The firm, which supplies rigid and flexible PVC compounds and powder, will move into the $4 million, 60,000-square-foot building in July, said President Ed Snyder. The location is adjacent to its existing 60,000-square-foot facility in Marion.
The success of its rigid PVC powder processing, as well as a 10 percent increase in output rates for its medical compounds business, instigated the acquisition, he said. He declined to reveal sales, but said the company has capacity of 40 million pounds annually.
The new site will employ slightly more than 20. Prime's original facility employed 40, but the firm may be adding 20 or so people there as well.
OM Group selling off PVC heat stabilizers
CLEVELAND - OM Group Inc. plans to sell its PVC heat-stabilizer product line for about $10 million in cash.
According to a news release, the deal, scheduled to close by the end of June, will let Cleveland-based OMG reduce its debt. The firm did not identify the buyer.
During fourth-quarter 2002, OMG went through a restructuring that included cutting 550 positions and closing noncore businesses.

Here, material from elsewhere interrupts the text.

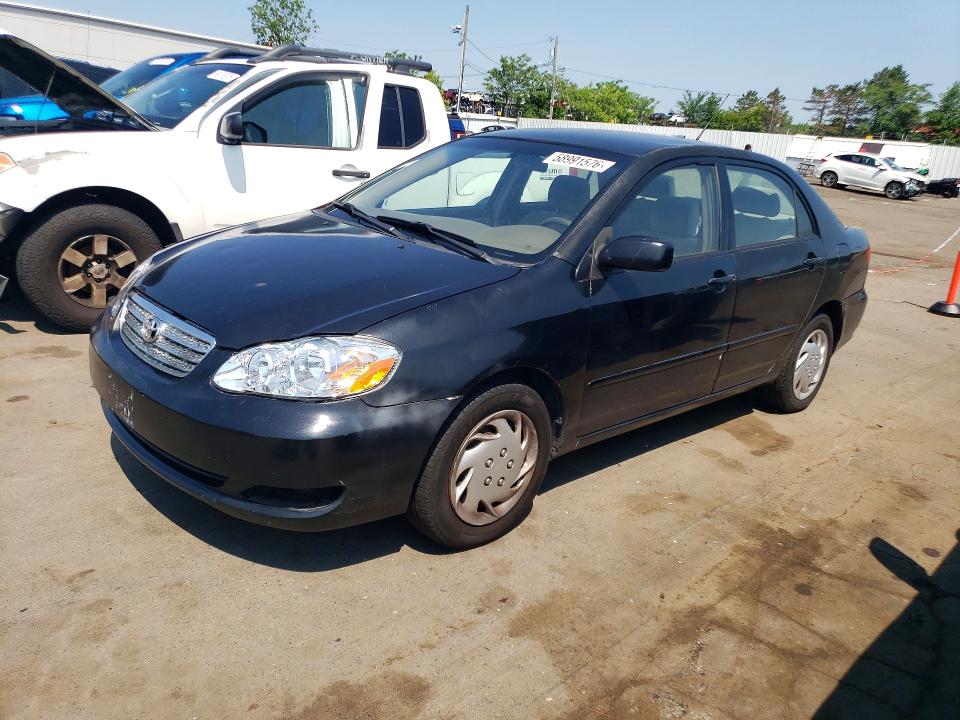 2007 Toyota Corolla მანქანა იყიდება აუქციონზე, vin: 2T1BR32E17C845495, აუქციონის ნომერი: 58991576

While OMG's sales more than doubled in 2002 to $4.9 billion, its gross profit dropped to $271.2 million from $317.1 million.

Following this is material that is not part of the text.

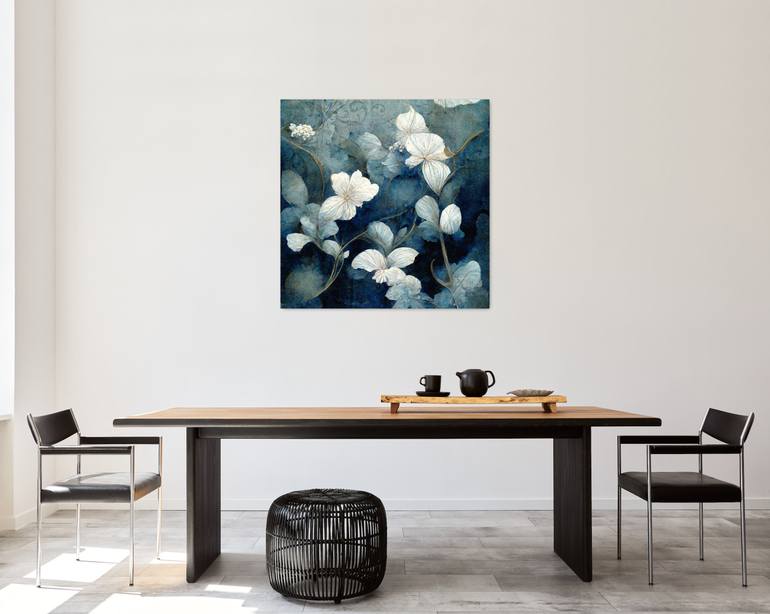 Original Surrealism Floral Digital by Mandy Koorneef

With facilities in the Americas, Asia, Africa, Australia and Europe, OMG makes and markets metal-based specialty chemicals and related materials.

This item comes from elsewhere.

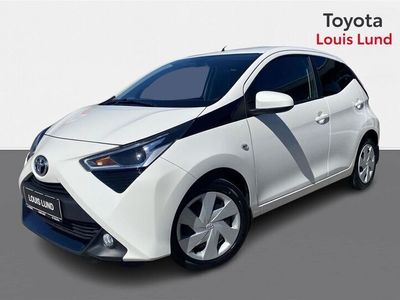 brugt Toyota Aygo 1,0 VVT-I X-Press 72HK 5d A+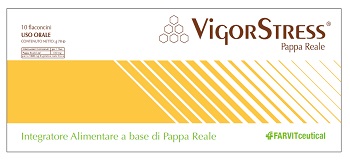VIGOR STRESS 10 FLACONCINI DA 10 ML - Farmasanitas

OMG officials could not be reached for comment.
Aussie co-op invents fire-resistant plastic
MELBOURNE, AUSTRALIA - Melbourne academics have invented a fire-resistant plastic.
The polymer/ceramic composite is a flexible material that behaves like other polymers at normal processing temperatures. It can be extruded and molded into complex shapes, and is available in a foamed version.
While conventional polymers break down into a powdery residue when exposed to heat and fire, the new material converts into a hard ceramic barrier.
The polymer was developed by the Cooperative Research Centre for Polymers, in conjunction with cable manufacturer Olex Australia Pty. Ltd.; Monash University and RMIT University, all in Melbourne; the Commonwealth Scientific & Industrial Research Organization and the Defense Science Technology Organization, both in Canberra; and the Sydney-based University of New South Wales.
CRCP Chief Executive Officer Ian Dagley said, ``Research into passive fire-protection products has increased over recent years as industries look for ways to enhance fire resistance in building and structures.''
Olex Australia has launched the first commercial product featuring the new fire-rated cables. They will be used in public buildings and factories to ensure electrical services can keep operating during a fire and to give occupants a better chance to escape.
``The aim is to counteract the movement of heat and smoke between rooms by sealing holes, prolonging stability or generally creating barriers to the passage of fire, heat and smoke,'' Dagley said.
CRCP has created new firm Ceram Polymerik Pty. Ltd., to commercialize more-passive fire-protection applications, for example, fire door and window seals.